He joined the French communist party's armed resistance in 1943, soon leading dozens of foreigners fighting the German occupiers in the Paris region.

Under his watch they carried out sabotage, derailed trains, attacked German soldiers and assassinated a German SS colonel in charge of the forced enlistment of French workers.

Manouchian was arrested in November 1943 and tortured, before being shot dead by firing squad aged 37 with around 20 of his comrades on February 21st 1944.

After their death sentences, a Nazi propaganda poster showing images of 10 group members on a red background, which became known as the affiche rouge (red poster), sought to demonise them as members of a "criminal army".

 

But it backfired, and later inspired a poem by French poet Louis Aragon, a song and several films.

Foreign fighters

Manouchian - who pursued poetry and literature while working in a shipyard and a factory before the war - had requested French nationality in 1933 and 1940, both times without success.

He was one of many foreigners in the French Resistance.

They were mostly "anti-Nazi Germans and Austrians, Spanish Republicans who had fled Francoism, anti-fascist Italians, Poles who had fled anti-Semitism, Armenians and Jews from eastern Europe and Germany," according to the French defence ministry.

It is unclear how many exactly of the 2.2 million foreigners in France at the time joined the Resistance.

But of the 1,000 Resistance fighters executed by the Nazis at the Mont-Valerien fort outside Paris during the occupation, 185 were foreign, historian Denis Peschanski told AFP.

That was a much higher proportion of foreigners than in the country's pre-war population of some 40 million.

'Quiet heroism'

Under Macron, since 2017 three people have been awarded a place inside the Panthéon: writer Maurice Genevoix, women's rights icon Simone Veil, and US-born entertainer and French Resistance member Josephine Baker.

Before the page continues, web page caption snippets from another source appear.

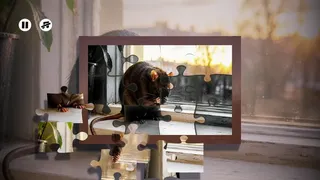 Скриншот 2 к игре Puzzles Rats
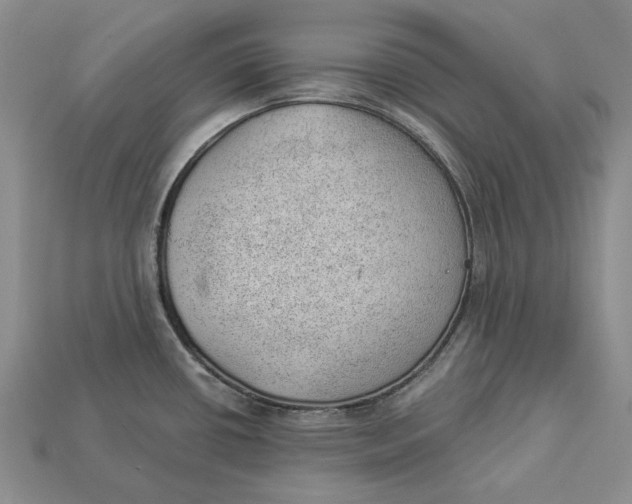 X0000112981434200909171329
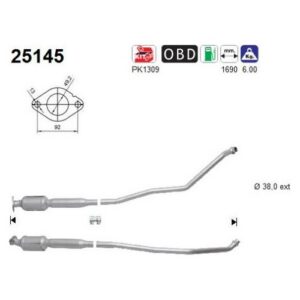 AS 25145 - Catalyseur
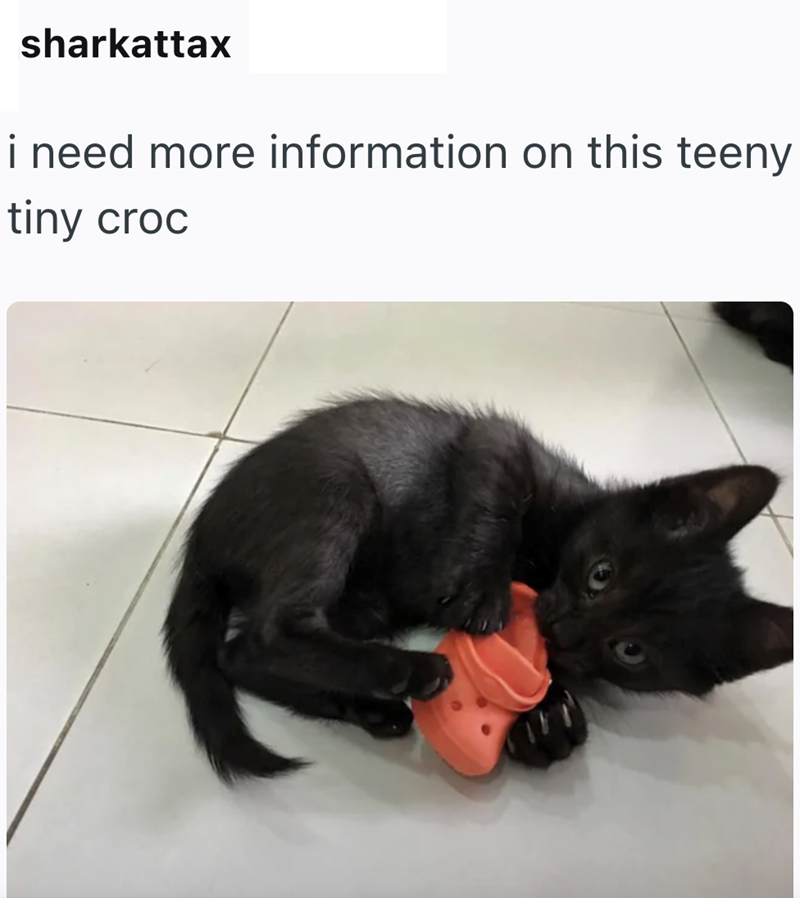 sharkattax i need more information on this teeny tiny croc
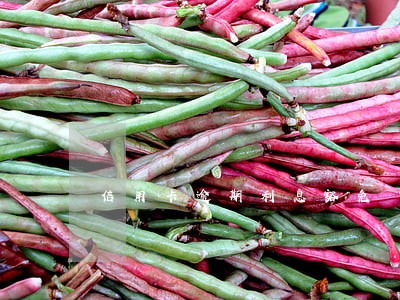 信用卡逾期利息豁免 信用卡逾期利息豁免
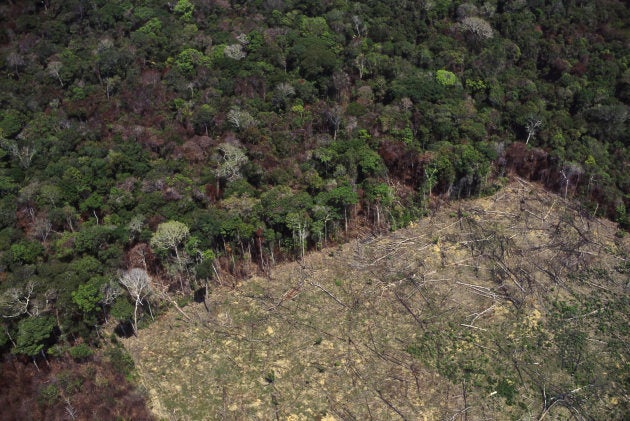 Amazon rainforest clearance for agriculture.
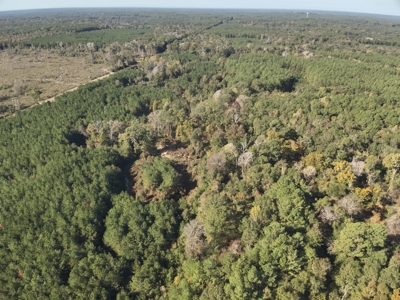 Large Diverse Pine Land W/ Creek for sale near Leesville, LA - image 8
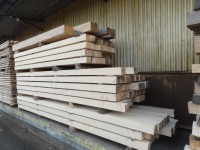 /album/fotogalerie/dsc04880-jpg/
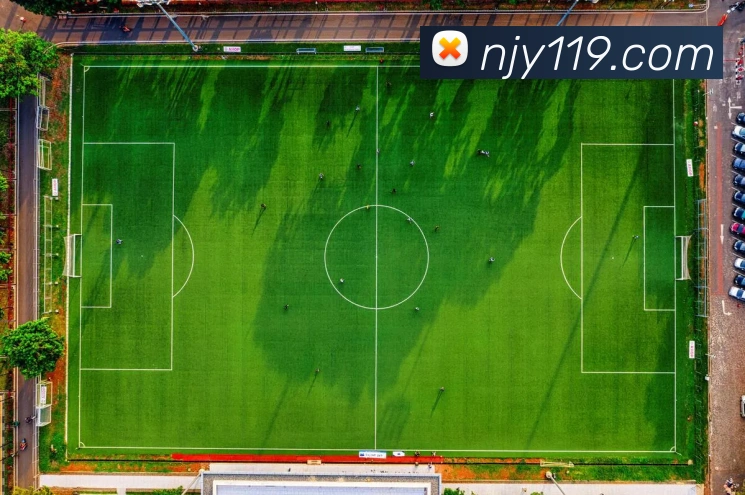 世界杯官方入口平台生态图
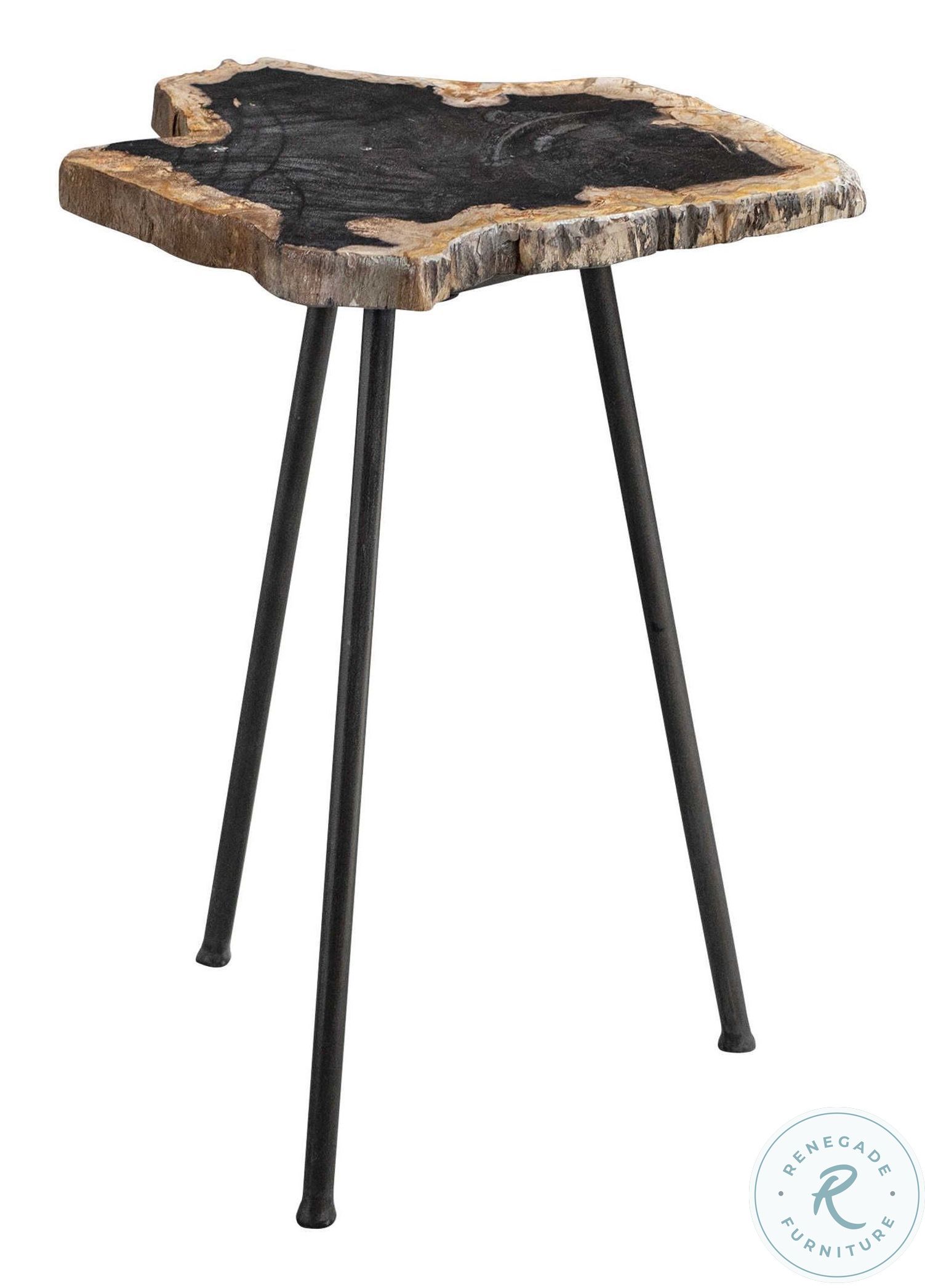 Mircea Natural Petrified Wood Accent Table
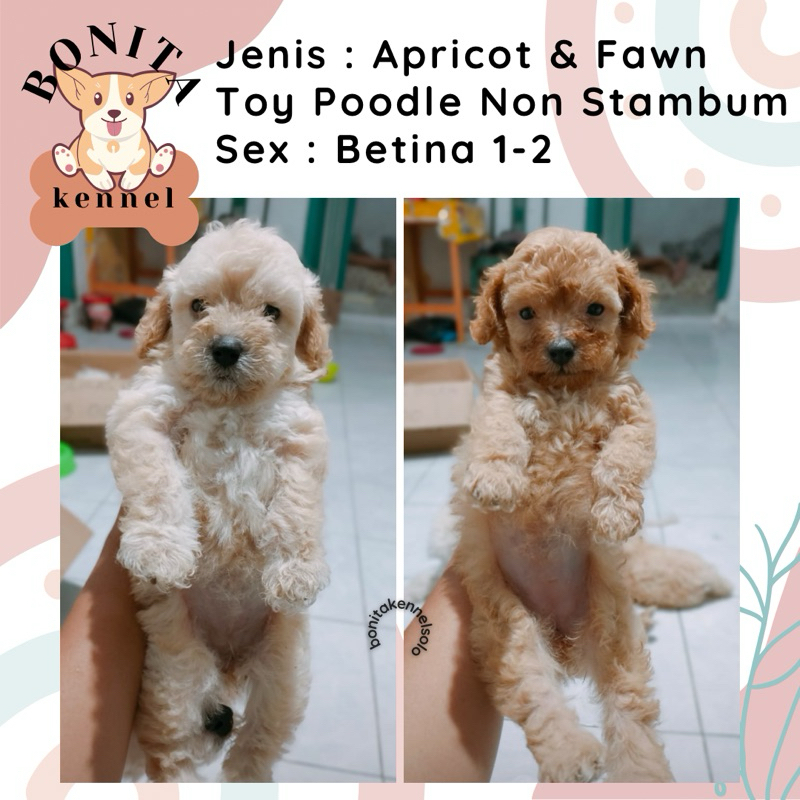 Fawn Apricot Tiny Toy Poodle Non Stambum Anak Anjing Poodle Red Jantan Betina
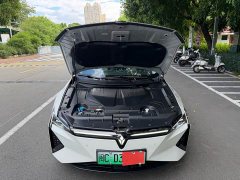 Lexus Lingxi L Player One Edition Super Double Option Package - фото 13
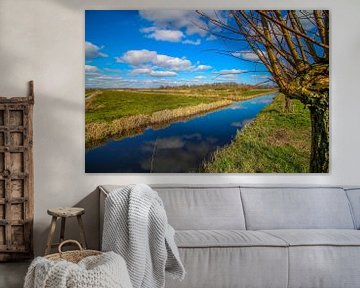 Landschaft einer Kopfweide in der Nähe eines Grabens in Giethoorn. von Maarten Salverda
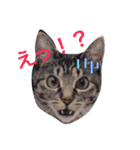 わんこにゃんこ（個別スタンプ：6）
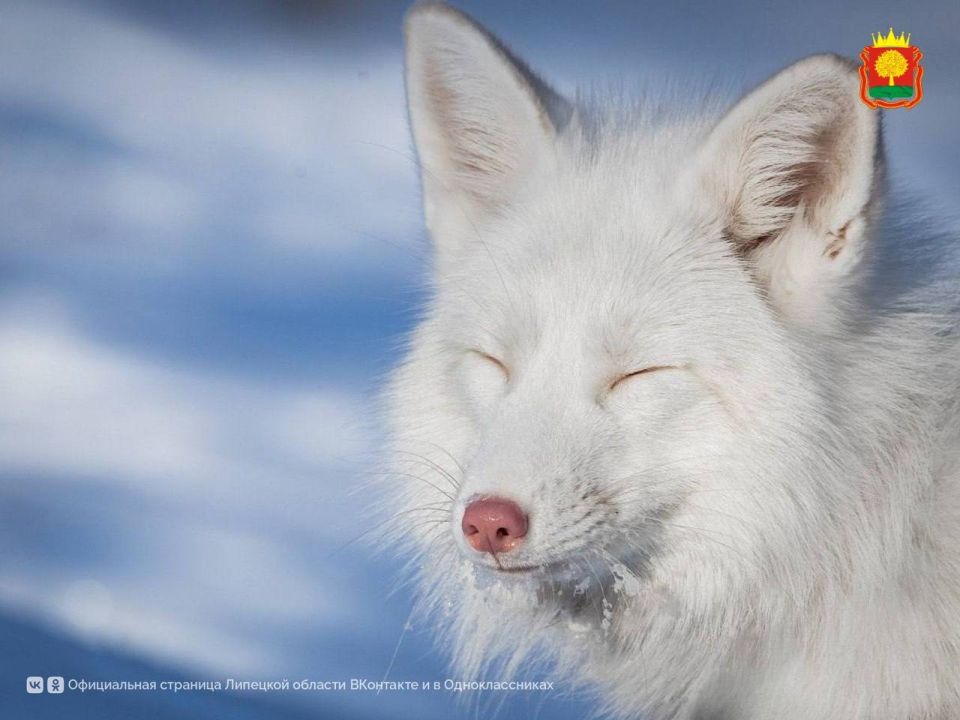 �� -28�C ��������� 3 ������� � �������� �������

READ ALSO 5 things to know about the Paris Pantheon

Baker - the first black woman to receive the honour - had been awarded French nationality before the war.

Last year the president said Manouchian would receive the honour too, paying tribute to his "bravery" and "quiet heroism".

At the time, parliament was debating a controversial immigration bill, which Macron eventually signed into law earlier this year.

He has also called for former French justice minister Robert Badinter, who in 1981 brought an end to capital punishment in France, to be panthéoniser after he died earlier this month.